[Opening Provided entries section]
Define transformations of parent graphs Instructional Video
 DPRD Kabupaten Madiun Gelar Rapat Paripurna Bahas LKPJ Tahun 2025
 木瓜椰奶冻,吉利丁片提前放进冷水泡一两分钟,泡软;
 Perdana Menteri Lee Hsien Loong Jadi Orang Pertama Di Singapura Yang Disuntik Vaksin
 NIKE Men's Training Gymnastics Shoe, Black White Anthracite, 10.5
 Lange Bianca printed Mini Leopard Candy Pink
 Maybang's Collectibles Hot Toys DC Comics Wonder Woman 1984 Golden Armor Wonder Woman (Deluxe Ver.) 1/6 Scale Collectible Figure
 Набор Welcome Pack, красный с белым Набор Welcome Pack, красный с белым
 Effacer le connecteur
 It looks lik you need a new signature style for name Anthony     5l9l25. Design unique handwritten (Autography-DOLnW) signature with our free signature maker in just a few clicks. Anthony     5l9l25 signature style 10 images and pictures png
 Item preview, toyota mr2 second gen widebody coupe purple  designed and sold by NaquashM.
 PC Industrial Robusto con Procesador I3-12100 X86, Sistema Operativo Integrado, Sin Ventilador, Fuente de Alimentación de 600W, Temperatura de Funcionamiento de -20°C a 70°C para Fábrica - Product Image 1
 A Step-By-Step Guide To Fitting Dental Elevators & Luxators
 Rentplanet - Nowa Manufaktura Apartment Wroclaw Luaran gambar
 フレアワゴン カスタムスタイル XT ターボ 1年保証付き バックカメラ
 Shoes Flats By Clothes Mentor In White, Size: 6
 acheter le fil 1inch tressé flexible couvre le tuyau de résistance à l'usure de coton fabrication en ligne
[Closing Provided entries section]
- _Required action_: Nothing but the lines from the one containing "A Step-By-Step Guide" through the end of the entries belongs in the answer; repeat them exactly.

- _Task output_:
 A Step-By-Step Guide To Fitting Dental Elevators & Luxators
 Rentplanet - Nowa Manufaktura Apartment Wroclaw Luaran gambar
 フレアワゴン カスタムスタイル XT ターボ 1年保証付き バックカメラ
 Shoes Flats By Clothes Mentor In White, Size: 6
 acheter le fil 1inch tressé flexible couvre le tuyau de résistance à l'usure de coton fabrication en ligne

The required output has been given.